A team of researchers from Tokyo Tech and Taiwan Tech have discovered a way to efficiently use the surplus glycerol produced in the production of biodiesel.
Biodiesel, which is made using vegetable oils through a process known as transesterification, produces excessive amounts of glycerol. In Europe alone, it is estimated that the biodiesel industry produces a surplus of 1.4 million tonnes of glycerol annually, which cannot be sold to other industries.
In their study, the researchers found that copper oxide (CuO), which is cheap and abundant, can be used as a catalyst to selectively convert glycerol into the more valuable organic compound dihydroxyacetone (DHA) even at mild reaction conditions.
Although the electrochemical conversion of glycerol to DHA has been studied for years, existing approaches require the use of precious metals, such as platinum, gold, and silver. As the use of these metals represents 95% of the overall cost of glycerol to DHA conversion, an affordable alternative is generally required.
For the conversion to take place using CuO, the pH in the solution of the electrochemical cell has to be at a specific value.

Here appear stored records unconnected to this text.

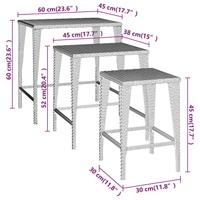 Tafeltjesset 3 st poly rattan bruin - thumbnail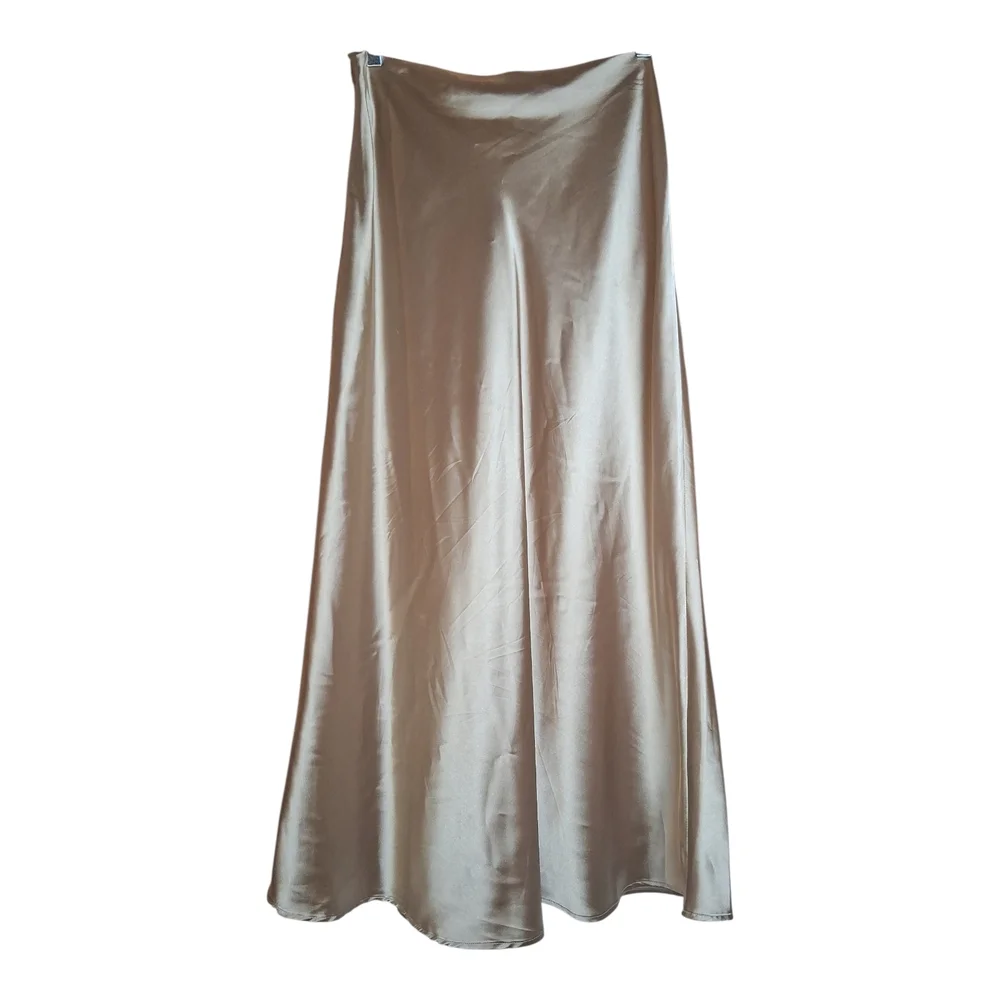 Steve Madden Gold Satin Jeanie Maxi Skirt M - Picture 1 of 2
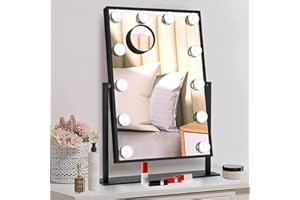 TUREWELL WEILY Hollywood lusterko do makijażu ze światłami, duże podświetlane lusterko kosmetyczne z 3 kolorowymi światłami i 12 ściemnianymi żarówkami LED, inteligentnie podświetlany ekran dotykowy (czarne)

Through various microscopy techniques, the researchers analysed the crystalline structure and composition of the CuO catalyst and tailored them to make it stable while inspecting the possible conversion pathways for glycerol in their system, according to the solution's pH. This allowed them to find appropriate reaction conditions that favoured the production of DHA.
"We have not only discovered a new, earth-abundant catalyst for high-selectivity DHA conversion, but also demonstrate the possibility of giving new valuable life to a waste product of the biodiesel industry," explained Professor Tomohiro Hayashi, lead researcher from Tokyo Tech.
The process additionally produced hydrogen through water splitting, enabling the new approach to address two problems simultaneously. "Both the biodiesel and the hydrogen generation industries could benefit from our system, leading to a more sustainable world," added Hayashi.